Low confidence drags equities lower
09.45 AEST, Thursday 27 September 2012
Low confidence drags equities lower
By Miguel Audencial (Sales Trader, CMC Markets)
The Australian equities market is set to extend its losing streak to four days in a row following dismal leads from its US and European counterparts. Weaker oil and commodity prices will continue to put pressure on the energy and materials sector.
The loss of confidence over the effectiveness of QE3 dragged the US Equities market lower with the DOW losing 44 points overnight. The lower than expected New Home Sales and the lingering anxieties in Europe did not help either.
The market will struggle to post gains after the Philly Fed’s head, Charles Plosser, brought out the elephant in the room. Doubts over the effectiveness of QE3 is in the back of most traders minds and an announcement coming from a senior Fed official is enough to drain the euphoria from a $40 billion open-ended bond buying program out of the market.

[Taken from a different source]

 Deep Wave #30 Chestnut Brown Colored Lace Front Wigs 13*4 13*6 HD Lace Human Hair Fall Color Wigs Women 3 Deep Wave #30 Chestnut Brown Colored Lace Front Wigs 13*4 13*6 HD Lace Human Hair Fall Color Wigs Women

European markets sold off heavily last night due to fears about Spain’s fiscal and political situation. The Spanish 2013 budget is due later tonight and the expected austerity measures brought about protests in the streets. Spanish Bond yields are back to the 6% level and talk about a bailout is getting louder. This is all too much like the Greece situation a few months back.
Concerns over QE3 and the continuing political uncertainties in Europe made investors choose the safety of the US dollar. US treasury yields dropped again making it eight sessions straight. The strength of the US dollar also put pressure on gold and other commodity prices.
The price of Crude Oil continued to drop despite a lower than expected Inventory. This is mainly due to the strength of the US dollar and future demand concerns brought about by the continuing issues in Europe.
US Core Durable Goods Orders and US Unemployment claims are due tonight and strong figures are needed to bring the confidence back into the market. More importantly, the Spanish 2013 budget will be out as well and the market will keep a close eye on this to get a better indication of whether Spain will ask for a bailout soon.